The strong-arm tactics spoiled a crucial two-day summit set to end today with a deal on a growth pact aimed at breathing life into Europe’s flagging economies and sealing splits between the bloc’s 27 nations.

While the European Union heads of state and government announced an agreement to inject €120 billion ($150 billion) into cross-border infrastructure projects that would create much-needed jobs, they were unable to finalise a so-called “growth compact” due to the stand by Spain and Italy yesterday.

Madrid and Rome have seen their borrowing costs soar as markets lose confidence in their ability to reduce huge deficits.

“There are two countries that are very keen to ensure there is agreement on long-term measures and short-term measures,” the EU President, Mr Herman Van Rompuy, told a news conference after seven hours of talks.

“I wouldn’t say there is a blockage, discussions are ongoing,” he said.

Officials from both countries said the Spanish Prime Minister, Mr Mariano Rajoy, and his Italian counterpart, Mr Mario Monti, had tied backing for a growth pact to their demands for short-term measures to bring relief on the bond markets.

“We have no reservations on the substance, but we want it to be part of a larger solution, the long-term must be linked to the short term,” an Italian official said.

Direct intervention by the Euro Zone rescue fund in bond markets was the focus of negotiations among Euro Zone treasury officials on the sidelines of the summit.

“We are in favour (of the growth pact), it is necessary, but it is not urgent.
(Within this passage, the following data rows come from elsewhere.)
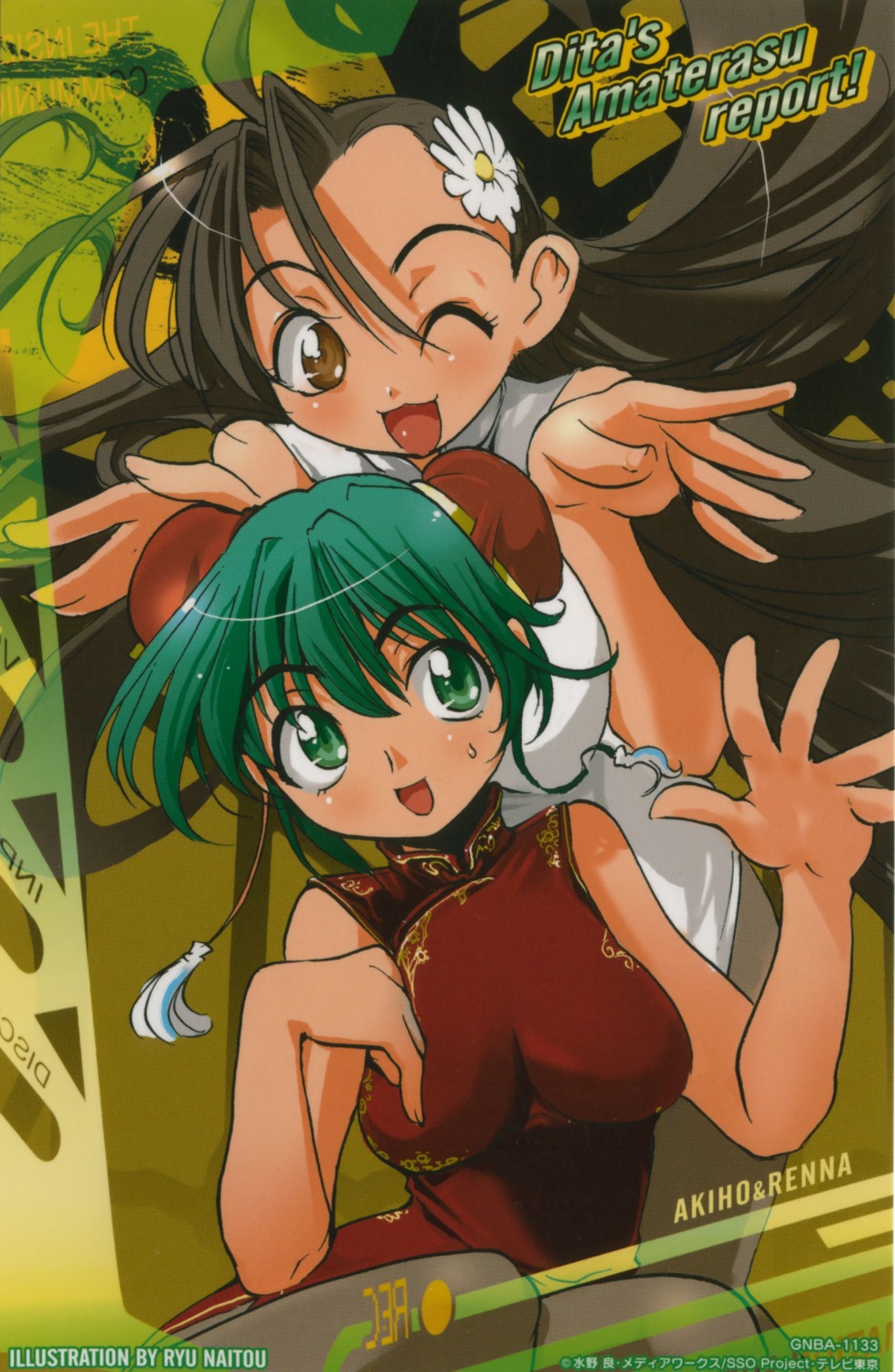 chinadress, maya_akiho, naitou_ryu, satomi_renna, starship_operators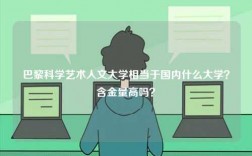 巴黎科學藝術人文大學相當于國內什么大學？含金量高嗎？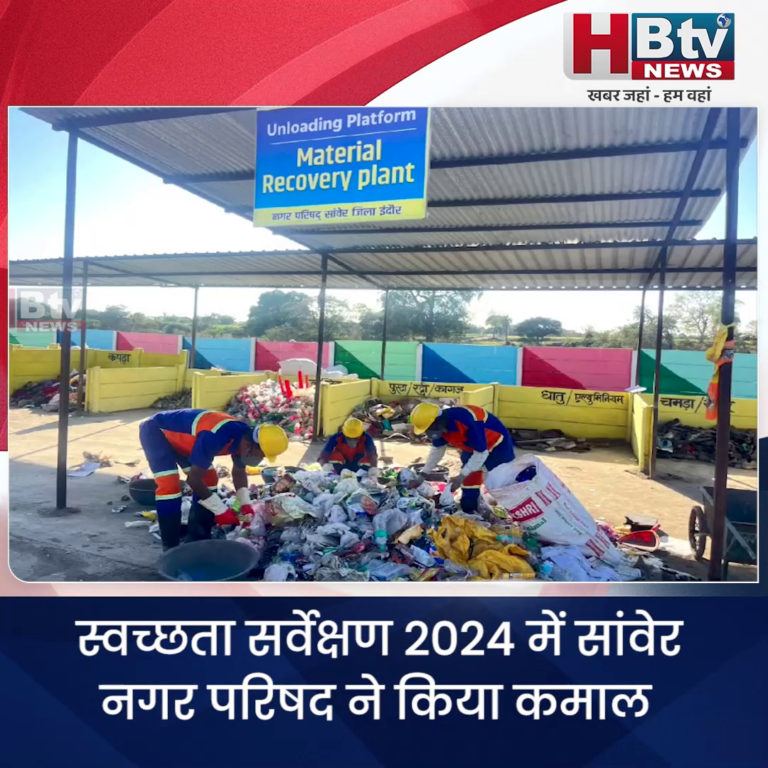 INDORE·स्वच्छता सर्वेक्षण 2024 में सांवेर नगर परिषद ने किया कमाल,देश में 22 वां स्थान पाया...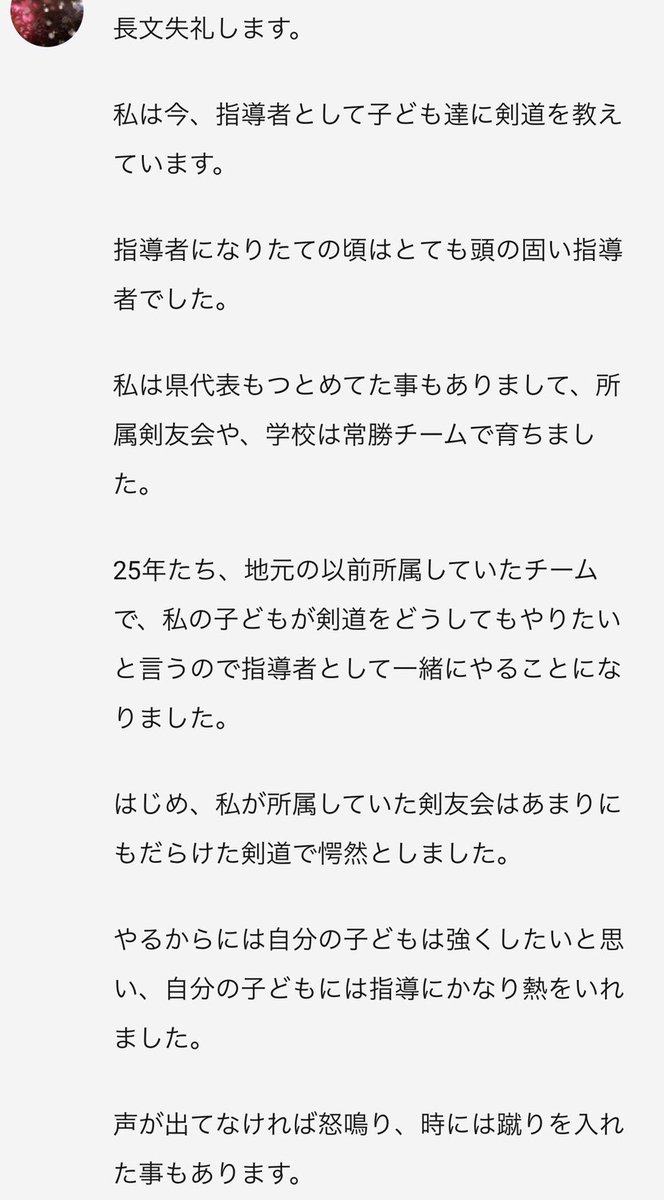 剣道してる人rt 剣道してる人rt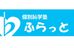 個別訫学塾ふらっと 本校 のロゴ画像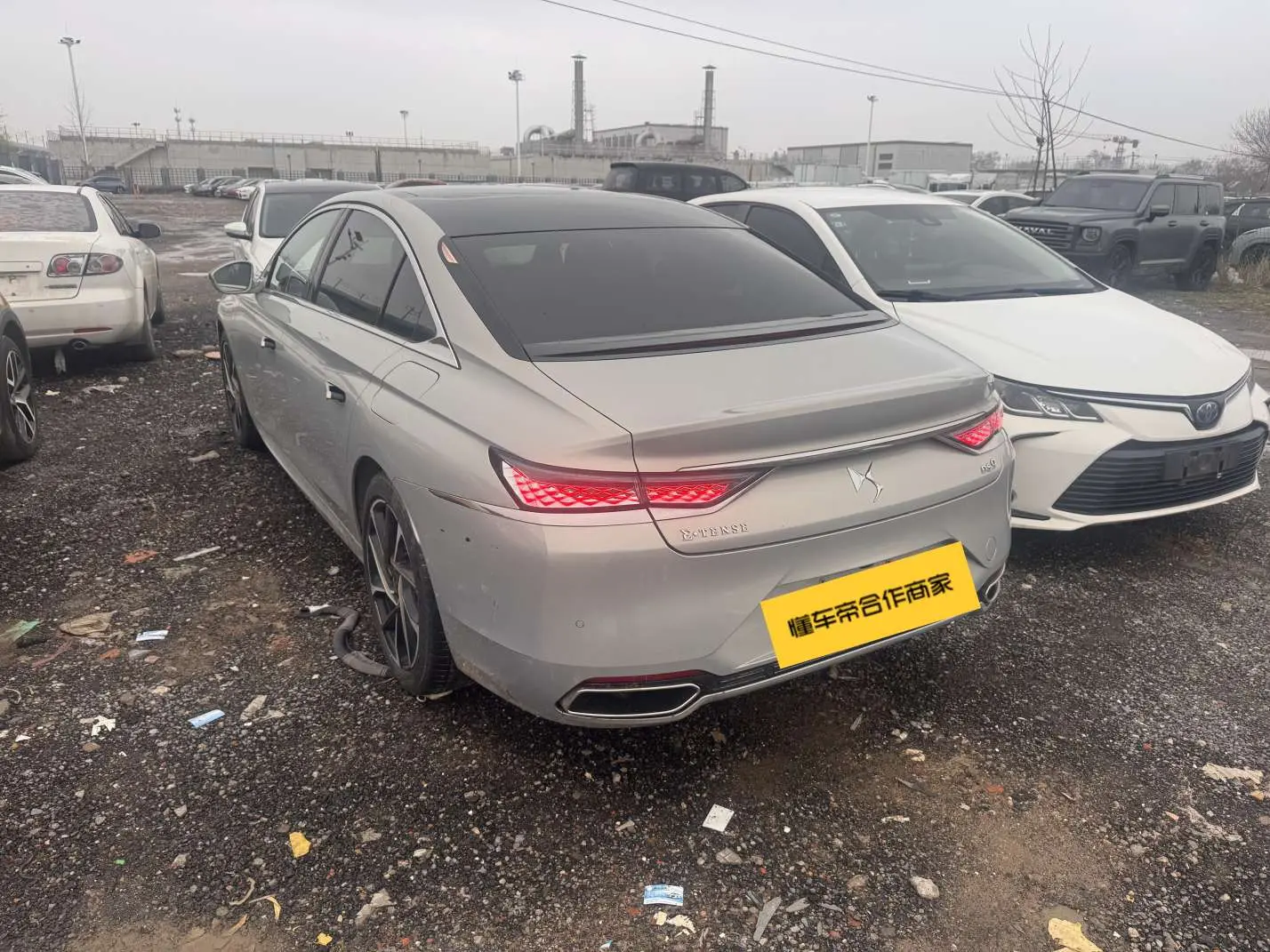 DS 9PHEV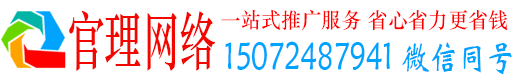 环县官理百度竞价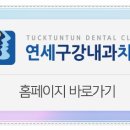 연세구강내과치과의원 이미지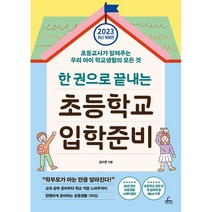 한 권으로 끝내는 초등학교 입학준비(2023):초등 교사가 알려주는 우리 아이 학교생활의 모든 것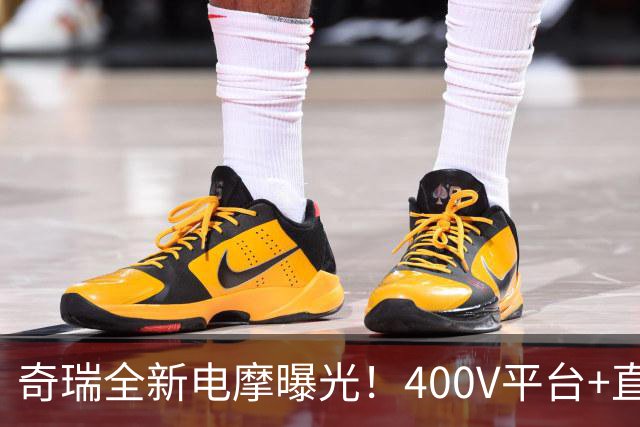 奇瑞全新电摩曝光！400V平台+直流快充，增程续航600km，2027年出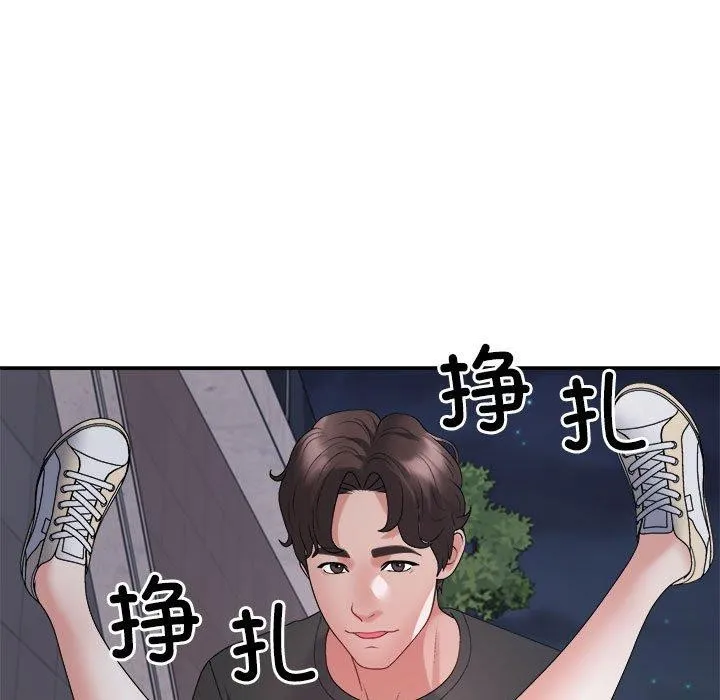 不同寻常的爱 第39話 第141页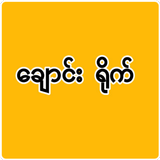 အပြာမြန်မာချောင်းရိုက်-ChaungYite icon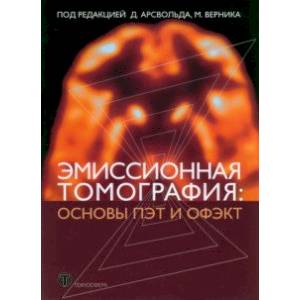 Эмиссионная томография. Основы ПЭТ и ОФЭКТ
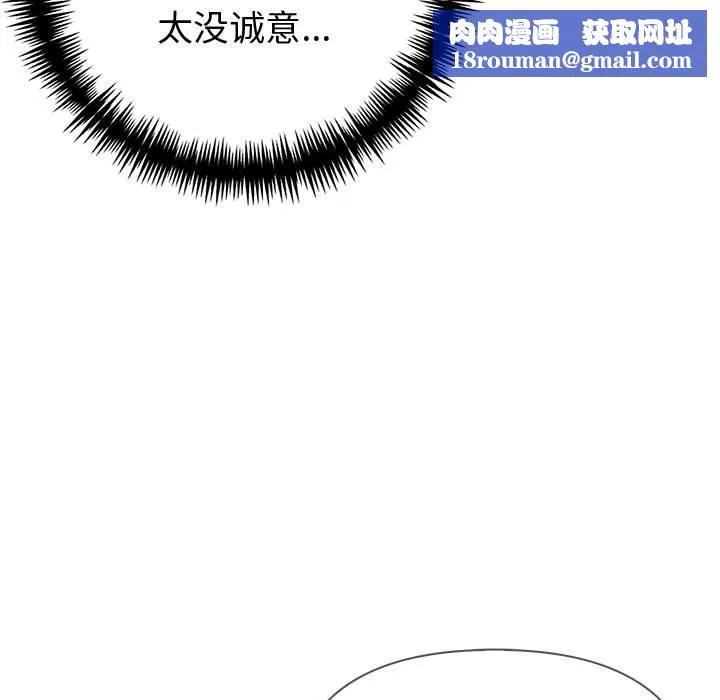 夫妇游戏-第18話 - 图片 98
What is urgent and more important for us is the sustainability of the debt,” a Spanish official said.

The growth pact was expected to sail through the summit after the leaders of Germany, France, Italy and Spain announced a tentative deal on the issue last week.

But with investors charging ever higher interest rates to lend to Rome and Madrid, Mr Monti, backed by France and Spain, has called for the Euro Zone’s rescue fund to buy his country’s bonds in order to reduce their borrowing costs.